ウィスカー(Whisker)*の抑制による信頼性の向上
SnやZnなどは、地上よりも宇宙空間などの無重力状態でウィスカーの成長が顕著となることが知られています。
電子部品の外部電極のSnや接合材料として一般的に使用されているSn-Ag-Cu系などの鉛フリーはんだはウィスカーの成長が早く、一方Sn-Pb系有鉛はんだはウィスカーの成長が遅いことが確認されています。
ウィスカーは回路間の短絡や導通不良の原因となることから、ウィスカーが発生しづらい材料の採用が求められています。
*ウィスカーとは
鉛フリー錫(Sn)めっきや亜鉛(Zn)めっき層から、時間とともに成長する針状の金属結晶を指す。無重力状態ではウィスカ―が細く長く成長するため、回路の短絡など地上よりも不具合となる確率が高い。
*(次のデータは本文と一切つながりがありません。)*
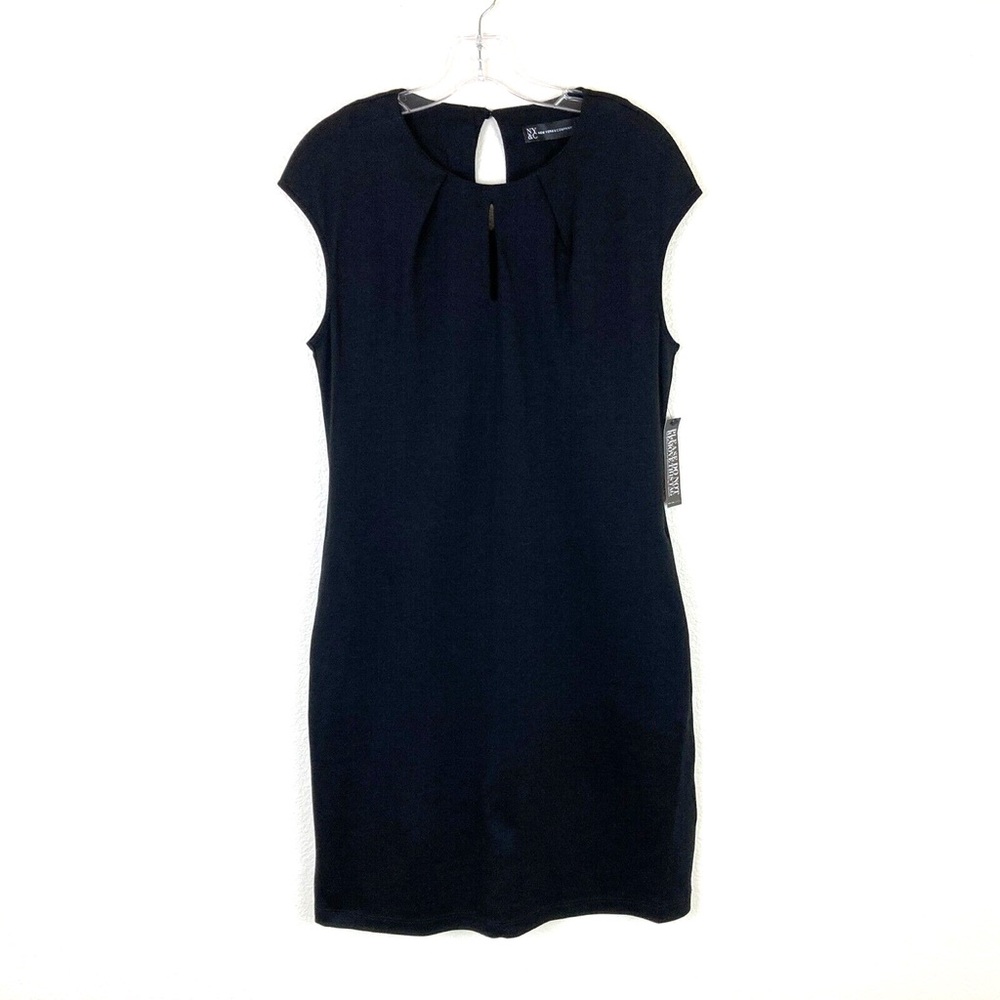 New York & Company Women’s Black Sheath Sleeveless Dress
@JAXA MEWS35資料「On-orbit validation to mitigate tin whisker growth」より
機械的耐久性の向上
有鉛はんだめっき品は錫めっき品と比較してクリープ変形による応力緩和作用があるため、実装後のヒートショック(熱衝撃)や機械的衝撃に対する信頼性が向上します。
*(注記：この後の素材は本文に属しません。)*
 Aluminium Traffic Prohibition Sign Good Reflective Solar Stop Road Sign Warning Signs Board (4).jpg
スクリーニング(全数試験)、ロット保証(抜き取り試験)
宇宙機器用途向け部品にはスクリーニング、ロット保証が要求されます。
*バーンイン試験
部品に温度電圧ストレスをかけることにより、出荷前に初期不良品を除去(リジェクト)する試験の一つ。これにより、初期故障率が減少し、高い品質を保つことができる。
JAXA認定
JAXA(宇宙航空研究開発機構)が規定する認定試験に合格し、宇宙用部品として認定されています。
航空宇宙用LTCC基板
LTCC(Low Temperature Co-fired Ceramics:低温同時焼成セラミックス)基板は多層セラミックス基板です。
⇒カタログはこちら
導体抵抗の小さいAg導体材料を配線パターンとしてセラミック内に多層構造で一体形成(同時焼成)しています。これにより導体抵抗成分によるロスが少ない電気的特性に優れた多層基板が可能となります。
セラミックス基板のため耐熱性、耐湿性に優れ、高気密性、アウトガスの発生がないといった特長を備えており、耐環境性や高い信頼性が重視される衛星やロケットなど宇宙用途向けの基板やパッケージとしての実績があります。
ご要求によりスクリーニング、ロット保証試験に対応いたします。